> _Problem statement_:
From the line containing "Thank you for the" to the line containing "After you send" in the entries below, reproduce every line exactly, ends included. Nothing else belongs in the copy, and no pictures.
BEGIN Information provided
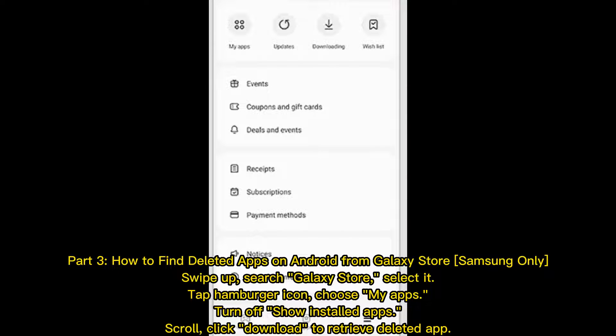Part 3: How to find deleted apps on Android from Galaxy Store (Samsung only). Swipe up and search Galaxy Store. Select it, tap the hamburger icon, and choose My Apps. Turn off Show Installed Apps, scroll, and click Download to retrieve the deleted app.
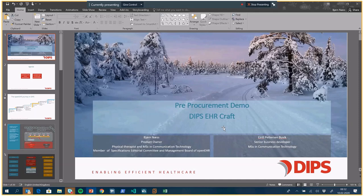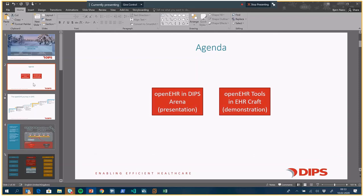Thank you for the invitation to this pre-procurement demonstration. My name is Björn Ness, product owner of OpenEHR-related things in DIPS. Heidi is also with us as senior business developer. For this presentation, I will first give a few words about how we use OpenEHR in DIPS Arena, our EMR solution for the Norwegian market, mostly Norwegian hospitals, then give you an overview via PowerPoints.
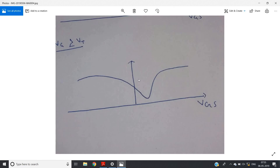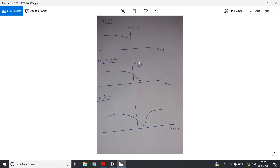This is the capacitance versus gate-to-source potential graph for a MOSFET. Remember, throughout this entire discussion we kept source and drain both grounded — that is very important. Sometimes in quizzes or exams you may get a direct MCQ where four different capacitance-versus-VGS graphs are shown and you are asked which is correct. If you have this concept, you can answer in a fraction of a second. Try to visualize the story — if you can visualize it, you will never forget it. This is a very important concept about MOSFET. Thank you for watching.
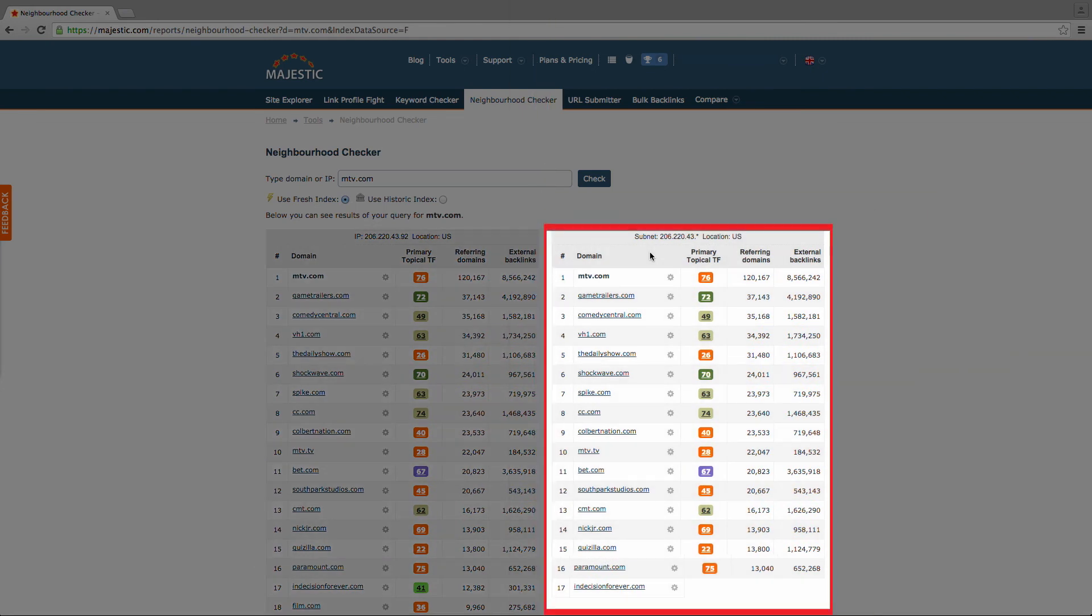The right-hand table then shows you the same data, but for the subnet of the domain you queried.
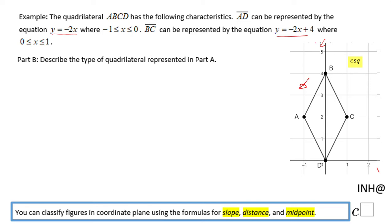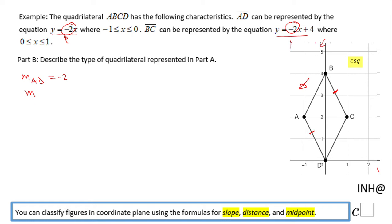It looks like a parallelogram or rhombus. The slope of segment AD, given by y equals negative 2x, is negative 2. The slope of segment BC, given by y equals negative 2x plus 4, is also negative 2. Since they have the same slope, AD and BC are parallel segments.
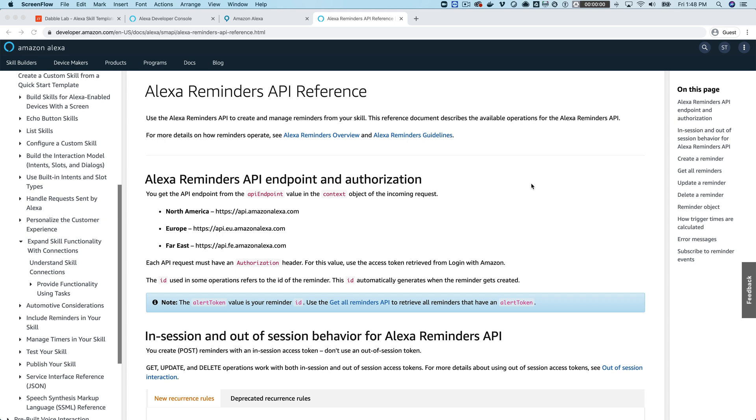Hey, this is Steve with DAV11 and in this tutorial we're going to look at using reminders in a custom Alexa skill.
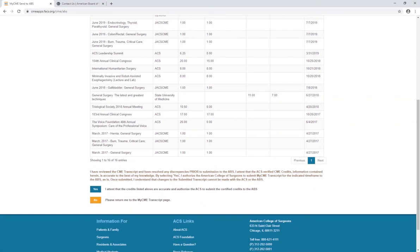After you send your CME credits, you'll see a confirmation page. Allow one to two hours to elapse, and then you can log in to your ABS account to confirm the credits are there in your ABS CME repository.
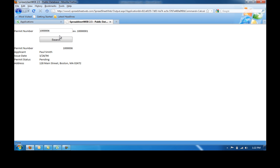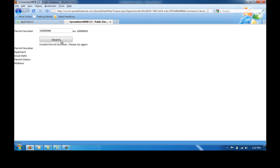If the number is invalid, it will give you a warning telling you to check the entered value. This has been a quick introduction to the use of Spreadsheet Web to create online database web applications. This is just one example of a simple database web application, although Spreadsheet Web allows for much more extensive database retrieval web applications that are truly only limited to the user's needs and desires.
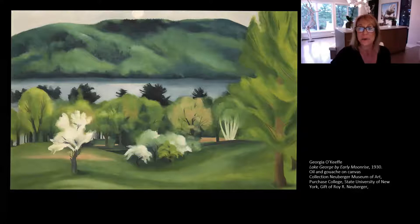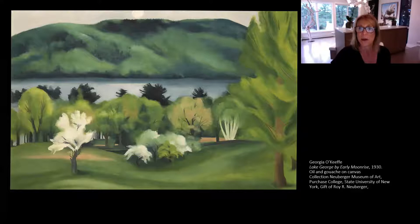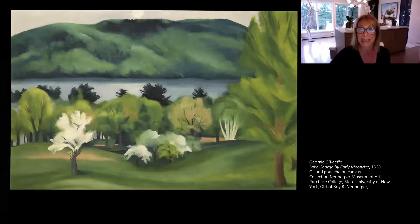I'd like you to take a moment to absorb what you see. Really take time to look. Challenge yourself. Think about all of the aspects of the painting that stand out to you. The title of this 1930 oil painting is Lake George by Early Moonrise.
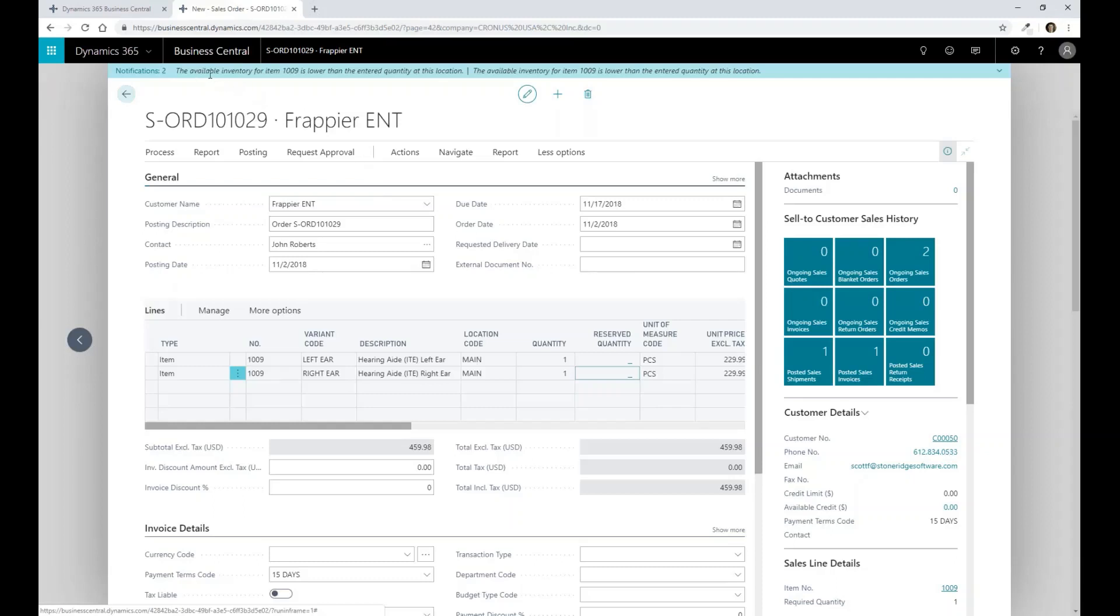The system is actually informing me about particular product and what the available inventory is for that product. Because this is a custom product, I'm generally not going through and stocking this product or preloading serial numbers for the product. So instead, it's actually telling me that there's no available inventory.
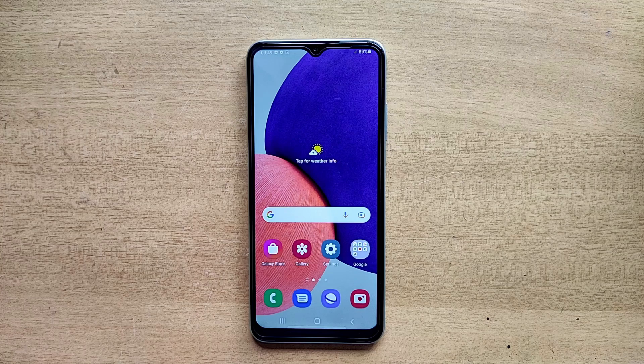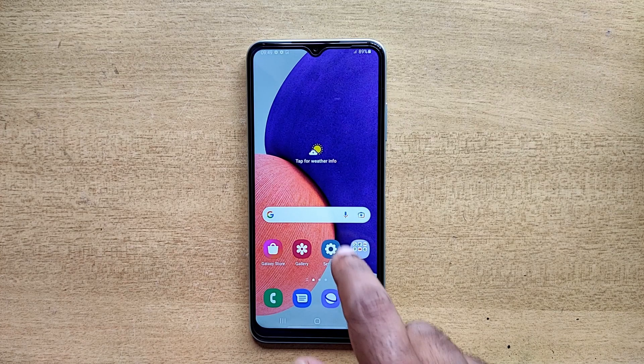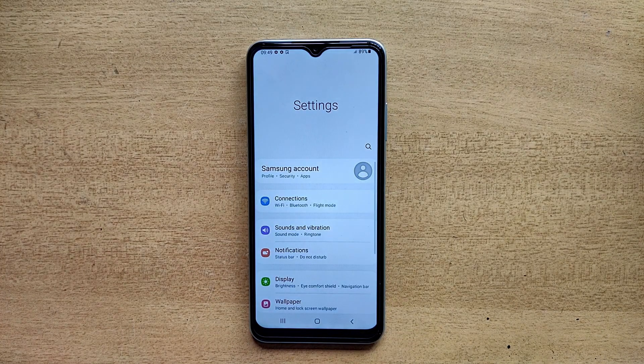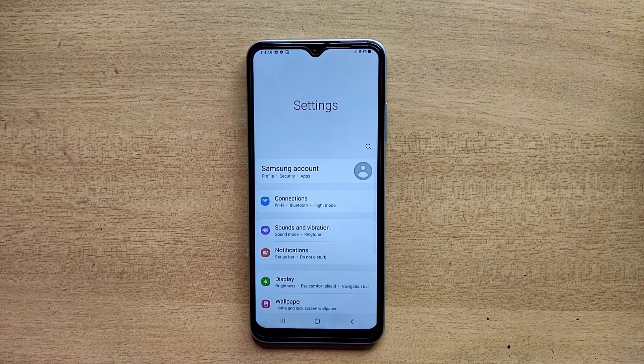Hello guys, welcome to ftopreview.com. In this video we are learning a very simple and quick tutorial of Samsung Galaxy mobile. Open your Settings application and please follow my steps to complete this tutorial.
END Information provided
> _Finished exercise_:
Thank you for the invitation to this pre-procurement demonstration. My name is Björn Ness, product owner of OpenEHR-related things in DIPS. Heidi is also with us as senior business developer. For this presentation, I will first give a few words about how we use OpenEHR in DIPS Arena, our EMR solution for the Norwegian market, mostly Norwegian hospitals, then give you an overview via PowerPoints.
This is the capacitance versus gate-to-source potential graph for a MOSFET. Remember, throughout this entire discussion we kept source and drain both grounded — that is very important. Sometimes in quizzes or exams you may get a direct MCQ where four different capacitance-versus-VGS graphs are shown and you are asked which is correct. If you have this concept, you can answer in a fraction of a second. Try to visualize the story — if you can visualize it, you will never forget it. This is a very important concept about MOSFET. Thank you for watching.
The right-hand table then shows you the same data, but for the subnet of the domain you queried.
It looks like a parallelogram or rhombus. The slope of segment AD, given by y equals negative 2x, is negative 2. The slope of segment BC, given by y equals negative 2x plus 4, is also negative 2. Since they have the same slope, AD and BC are parallel segments.
Hey, this is Steve with DAV11 and in this tutorial we're going to look at using reminders in a custom Alexa skill.
After you send your CME credits, you'll see a confirmation page. Allow one to two hours to elapse, and then you can log in to your ABS account to confirm the credits are there in your ABS CME repository.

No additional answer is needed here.